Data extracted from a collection
|---|

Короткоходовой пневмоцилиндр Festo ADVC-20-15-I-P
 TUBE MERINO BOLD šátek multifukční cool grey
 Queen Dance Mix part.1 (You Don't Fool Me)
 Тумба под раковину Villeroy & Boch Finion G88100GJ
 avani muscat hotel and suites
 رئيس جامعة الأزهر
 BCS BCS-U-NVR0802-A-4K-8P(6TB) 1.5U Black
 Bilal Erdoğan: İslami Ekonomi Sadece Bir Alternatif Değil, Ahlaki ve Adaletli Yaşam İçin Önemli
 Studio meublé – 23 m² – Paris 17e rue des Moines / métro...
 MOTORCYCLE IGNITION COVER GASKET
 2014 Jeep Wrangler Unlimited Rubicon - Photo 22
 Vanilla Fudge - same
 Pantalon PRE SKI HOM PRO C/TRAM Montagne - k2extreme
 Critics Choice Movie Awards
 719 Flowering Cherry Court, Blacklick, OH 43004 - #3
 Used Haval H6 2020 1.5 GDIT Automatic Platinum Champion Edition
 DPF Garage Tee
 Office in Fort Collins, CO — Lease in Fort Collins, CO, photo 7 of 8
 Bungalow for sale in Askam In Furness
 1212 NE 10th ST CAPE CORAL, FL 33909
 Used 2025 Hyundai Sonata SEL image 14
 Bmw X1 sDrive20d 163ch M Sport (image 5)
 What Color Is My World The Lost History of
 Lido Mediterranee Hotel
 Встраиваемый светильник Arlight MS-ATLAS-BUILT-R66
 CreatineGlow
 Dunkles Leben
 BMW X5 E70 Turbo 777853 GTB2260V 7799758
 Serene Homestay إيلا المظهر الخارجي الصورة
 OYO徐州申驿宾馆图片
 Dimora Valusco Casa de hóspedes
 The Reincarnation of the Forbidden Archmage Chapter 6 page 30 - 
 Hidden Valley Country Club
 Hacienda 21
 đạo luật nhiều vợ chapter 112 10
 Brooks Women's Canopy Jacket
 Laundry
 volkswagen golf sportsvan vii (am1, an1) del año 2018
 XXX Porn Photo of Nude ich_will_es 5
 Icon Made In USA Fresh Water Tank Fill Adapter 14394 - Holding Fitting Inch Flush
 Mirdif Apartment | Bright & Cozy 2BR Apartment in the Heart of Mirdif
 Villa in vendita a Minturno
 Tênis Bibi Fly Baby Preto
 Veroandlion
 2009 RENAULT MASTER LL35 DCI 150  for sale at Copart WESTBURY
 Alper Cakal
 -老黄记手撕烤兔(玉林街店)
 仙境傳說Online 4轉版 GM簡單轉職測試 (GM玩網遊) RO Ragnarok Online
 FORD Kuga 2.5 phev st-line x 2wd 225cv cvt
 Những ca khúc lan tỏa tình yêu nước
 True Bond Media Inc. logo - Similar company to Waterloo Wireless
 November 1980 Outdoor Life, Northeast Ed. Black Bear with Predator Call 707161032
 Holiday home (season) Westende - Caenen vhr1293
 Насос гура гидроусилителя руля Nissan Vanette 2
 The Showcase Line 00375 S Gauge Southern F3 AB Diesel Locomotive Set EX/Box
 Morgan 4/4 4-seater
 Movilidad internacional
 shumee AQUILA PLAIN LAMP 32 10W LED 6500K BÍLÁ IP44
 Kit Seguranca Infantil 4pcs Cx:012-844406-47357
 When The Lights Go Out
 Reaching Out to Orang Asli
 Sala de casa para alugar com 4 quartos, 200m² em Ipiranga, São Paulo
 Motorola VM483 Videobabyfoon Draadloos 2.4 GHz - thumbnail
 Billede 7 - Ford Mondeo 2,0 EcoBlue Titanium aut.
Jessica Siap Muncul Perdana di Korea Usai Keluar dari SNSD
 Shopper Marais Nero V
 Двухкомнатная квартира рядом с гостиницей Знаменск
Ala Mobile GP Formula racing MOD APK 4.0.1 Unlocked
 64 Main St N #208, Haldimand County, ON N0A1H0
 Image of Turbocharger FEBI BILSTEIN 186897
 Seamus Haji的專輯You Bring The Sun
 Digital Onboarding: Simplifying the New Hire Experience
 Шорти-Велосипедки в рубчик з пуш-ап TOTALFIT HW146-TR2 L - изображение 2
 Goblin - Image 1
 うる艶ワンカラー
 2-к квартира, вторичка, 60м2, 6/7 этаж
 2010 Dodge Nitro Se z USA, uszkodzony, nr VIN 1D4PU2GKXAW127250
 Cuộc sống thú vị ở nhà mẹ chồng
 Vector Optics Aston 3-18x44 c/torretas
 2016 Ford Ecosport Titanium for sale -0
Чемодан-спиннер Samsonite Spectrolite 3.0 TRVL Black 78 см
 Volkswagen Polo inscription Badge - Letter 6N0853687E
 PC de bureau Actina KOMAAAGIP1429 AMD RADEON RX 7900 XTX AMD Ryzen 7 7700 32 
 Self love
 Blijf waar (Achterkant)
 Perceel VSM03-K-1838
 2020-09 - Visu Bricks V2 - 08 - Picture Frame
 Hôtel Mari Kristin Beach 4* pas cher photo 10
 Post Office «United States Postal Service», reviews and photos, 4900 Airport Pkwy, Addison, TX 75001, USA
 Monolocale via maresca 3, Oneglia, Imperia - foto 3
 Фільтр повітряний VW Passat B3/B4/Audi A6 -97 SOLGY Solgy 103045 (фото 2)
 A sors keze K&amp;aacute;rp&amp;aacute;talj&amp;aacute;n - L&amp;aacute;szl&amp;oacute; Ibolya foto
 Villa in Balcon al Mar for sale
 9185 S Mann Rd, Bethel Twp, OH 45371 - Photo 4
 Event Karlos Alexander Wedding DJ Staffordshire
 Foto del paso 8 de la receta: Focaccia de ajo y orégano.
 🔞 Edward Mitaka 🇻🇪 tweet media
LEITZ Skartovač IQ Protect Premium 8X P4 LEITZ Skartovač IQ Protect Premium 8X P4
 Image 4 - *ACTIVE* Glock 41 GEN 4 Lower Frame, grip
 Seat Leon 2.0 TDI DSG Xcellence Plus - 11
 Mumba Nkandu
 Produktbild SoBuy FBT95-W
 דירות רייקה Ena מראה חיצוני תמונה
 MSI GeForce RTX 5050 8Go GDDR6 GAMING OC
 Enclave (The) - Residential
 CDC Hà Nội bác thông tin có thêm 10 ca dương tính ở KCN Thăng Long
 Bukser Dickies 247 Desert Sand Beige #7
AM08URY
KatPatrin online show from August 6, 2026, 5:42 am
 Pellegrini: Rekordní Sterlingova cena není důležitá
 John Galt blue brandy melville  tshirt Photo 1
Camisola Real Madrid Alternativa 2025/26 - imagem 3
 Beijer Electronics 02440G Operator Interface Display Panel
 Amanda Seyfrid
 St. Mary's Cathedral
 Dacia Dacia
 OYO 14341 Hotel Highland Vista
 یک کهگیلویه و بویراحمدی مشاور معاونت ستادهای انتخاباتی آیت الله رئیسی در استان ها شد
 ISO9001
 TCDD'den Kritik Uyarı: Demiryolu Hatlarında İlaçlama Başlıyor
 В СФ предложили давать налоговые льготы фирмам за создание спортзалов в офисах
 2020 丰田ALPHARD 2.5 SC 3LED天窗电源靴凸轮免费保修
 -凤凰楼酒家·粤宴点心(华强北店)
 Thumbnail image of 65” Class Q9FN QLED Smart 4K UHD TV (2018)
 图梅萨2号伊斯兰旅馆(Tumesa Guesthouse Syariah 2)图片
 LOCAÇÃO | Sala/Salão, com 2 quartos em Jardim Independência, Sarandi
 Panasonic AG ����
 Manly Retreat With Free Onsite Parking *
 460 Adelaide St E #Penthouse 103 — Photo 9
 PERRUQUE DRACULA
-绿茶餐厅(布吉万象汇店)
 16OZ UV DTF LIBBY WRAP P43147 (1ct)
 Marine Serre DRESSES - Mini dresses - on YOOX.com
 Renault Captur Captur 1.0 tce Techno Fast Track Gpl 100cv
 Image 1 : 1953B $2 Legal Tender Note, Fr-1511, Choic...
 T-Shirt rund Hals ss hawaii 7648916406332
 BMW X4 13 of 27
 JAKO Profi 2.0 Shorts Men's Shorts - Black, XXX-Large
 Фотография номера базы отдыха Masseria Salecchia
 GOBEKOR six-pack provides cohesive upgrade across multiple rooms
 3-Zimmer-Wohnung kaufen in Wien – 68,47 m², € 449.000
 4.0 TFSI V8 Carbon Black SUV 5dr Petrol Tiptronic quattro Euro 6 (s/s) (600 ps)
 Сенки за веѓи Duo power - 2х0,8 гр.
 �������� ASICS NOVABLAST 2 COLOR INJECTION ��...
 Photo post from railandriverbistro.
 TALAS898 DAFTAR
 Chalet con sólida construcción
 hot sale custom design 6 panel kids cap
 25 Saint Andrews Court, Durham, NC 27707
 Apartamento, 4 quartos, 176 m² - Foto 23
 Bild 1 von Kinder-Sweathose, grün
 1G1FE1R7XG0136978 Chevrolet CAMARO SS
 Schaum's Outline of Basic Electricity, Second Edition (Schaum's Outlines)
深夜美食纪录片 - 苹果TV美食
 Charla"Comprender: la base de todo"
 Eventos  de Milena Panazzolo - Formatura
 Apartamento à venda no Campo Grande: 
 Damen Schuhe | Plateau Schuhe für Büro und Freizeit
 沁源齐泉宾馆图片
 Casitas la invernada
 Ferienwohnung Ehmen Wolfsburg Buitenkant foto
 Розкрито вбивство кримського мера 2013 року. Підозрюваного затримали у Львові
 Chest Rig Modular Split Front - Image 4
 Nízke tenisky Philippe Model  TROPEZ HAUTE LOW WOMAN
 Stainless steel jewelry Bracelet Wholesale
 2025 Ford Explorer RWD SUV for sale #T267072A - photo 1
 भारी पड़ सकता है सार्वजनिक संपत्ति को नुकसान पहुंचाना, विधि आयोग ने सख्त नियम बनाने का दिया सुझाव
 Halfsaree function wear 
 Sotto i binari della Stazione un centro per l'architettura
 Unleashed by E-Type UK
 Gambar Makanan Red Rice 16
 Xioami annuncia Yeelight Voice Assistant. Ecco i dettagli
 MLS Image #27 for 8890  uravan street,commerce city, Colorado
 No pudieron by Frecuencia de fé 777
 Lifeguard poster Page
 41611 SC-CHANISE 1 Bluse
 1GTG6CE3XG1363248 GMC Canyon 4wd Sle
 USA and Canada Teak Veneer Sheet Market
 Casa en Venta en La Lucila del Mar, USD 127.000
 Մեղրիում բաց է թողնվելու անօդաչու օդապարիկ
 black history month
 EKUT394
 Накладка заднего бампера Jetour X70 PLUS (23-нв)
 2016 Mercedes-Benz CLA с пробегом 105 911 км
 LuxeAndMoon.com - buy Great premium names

|---|

> [Instructions to follow]:
Precisely reproduce the lines of the entries, beginning at the first and ending at the one containing "Bilal Erdoğan: İslami". Add nothing.

> [Task answer]:
Короткоходовой пневмоцилиндр Festo ADVC-20-15-I-P
 TUBE MERINO BOLD šátek multifukční cool grey
 Queen Dance Mix part.1 (You Don't Fool Me)
 Тумба под раковину Villeroy & Boch Finion G88100GJ
 avani muscat hotel and suites
 رئيس جامعة الأزهر
 BCS BCS-U-NVR0802-A-4K-8P(6TB) 1.5U Black
 Bilal Erdoğan: İslami Ekonomi Sadece Bir Alternatif Değil, Ahlaki ve Adaletli Yaşam İçin Önemli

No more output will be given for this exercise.